Boohoo, Asos Show Fast Fashion’s Still Trying to Right the Ship

Boohoo Group and Asos are still struggling to drum up sales as many consumers get back to shopping in stores after the pandemic, according their latest financial updates.

While both are overhauling operations, their sales are moving in the wrong direction. In contrast, U.K. retailers Next and JD Sports Fashion recently reported healthy sales gains as August’s retail sales rose 4.1 percent, according to the British Retail Consortium.

More from Sourcing Journal

Primark’s owner Associated British Foods recently said the Irish fast-fashion chain has “slightly better” profit expectations than it previously forecasted. ABF expects a 15 percent improvement in Primark’s fourth-quarter from a year ago. It’ll get there by raising some prices along with high-performing new stores, according to the company. “Celebrity and influencer collaborations” are also showing results for Primark, which recently unveiled a partnership with Rita Ora.

Boohoo Group plc

Rising costs and declining consumer demand weighed on Boohoo’s first half and led the e-tailer to drop its Fiscal Year 2024 outlook.

Boohoo lowered revenue guidance for the Fiscal Year ending Feb. 28, 2024. It now expects a 12 percent to 17 percent sales decline, instead of just a 5 percent decline. Adjusted EBITDA (earnings before interest, taxes, depreciation and amortization) margins remains in line with prior guidance at between 4 percent and 4.5 percent due to progress on gross margin and cost control. Adjusted EBITDA was also guided lower to 58 million pounds ($70.0 million) and 70 million pounds ($84.5 million) from the prior range of 69 million pounds ($83.3 million) to 78 million pounds ($94.2 million).

“Over the first half we have made substantial progress across key projects and initiatives, including the launch of our US distribution centre. We have seen significant improvements in sourcing lead times and invested in pricing to reinforce our value credentials,” said John Lyttle, Group CEO.

Boohoo has identified more than 125 million pounds ($151 million) of annualized cost savings. “Our confidence in the medium-term prospects for the Group remains unchanged as we execute on our key priorities where we see a clear path to improved profitability and getting back to growth,” Lyttle said.

The company’s adjusted loss before tax for the half reached 9.1 million pounds ($11 million), or 91 pence ($1.10), against an adjusted profit of 6.2 million pounds ($6.7 million), or 29 pence ($0.31), in the same year-ago period. Revenue fell 17.4 percent to 729.1 million pounds ($880.5 million) from 882.4 million pounds ($946.6 million).

The company said revenue in core brands fell 10 percent, consistent with prior guidance for group revenues to decline by 10 percent to 15 percent. Boohoo said it captured “supply chain deflation and lower input prices, and reinvested the savings to drive faster lead times and lower prices for customers.”

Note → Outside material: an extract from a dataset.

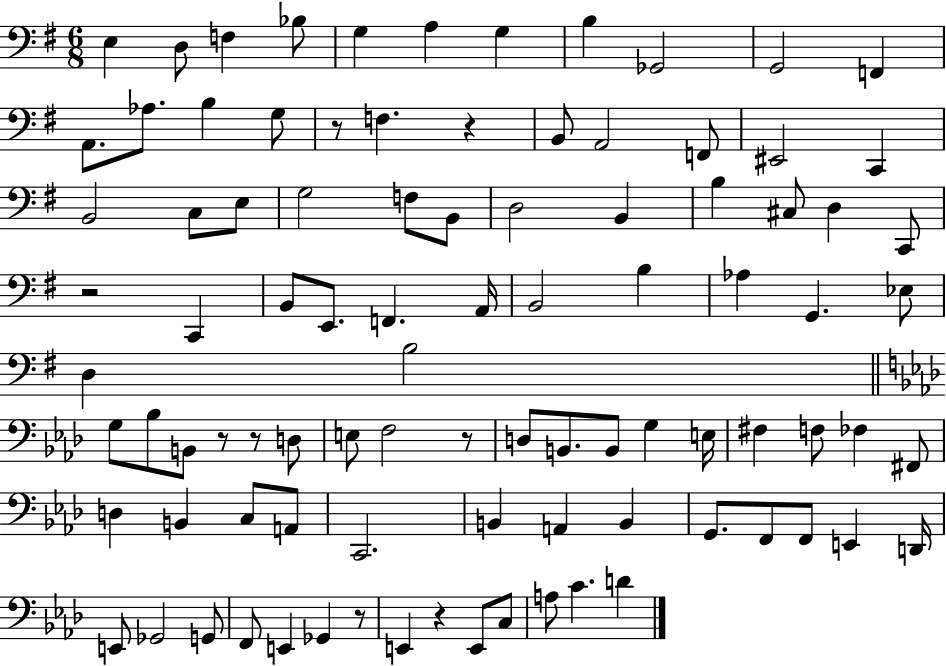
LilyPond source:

Boohoo’s new U.S. distribution center can process next day and express delivery orders. The company also fine-tuned the test and repeat model “with significantly improved lead times.”

Boohoo last week confirmed that it signed the  Pakistan Accord, the first expansion of the International Accord for Health and Safety in the Garment Industry outside of Bangladesh.

Asos plc

Asos reported a 15 percent decline in quarterly sales, according to a report last month for the three months through Sept. 3.

However, the company expects a profitable year end period. It cited a strong start to the quarter in June followed by “weaker performance in July and August” and blamed a broader market decline. Asos used promoted to cut inventory by 30 percent year-over-year at the end of the quarter.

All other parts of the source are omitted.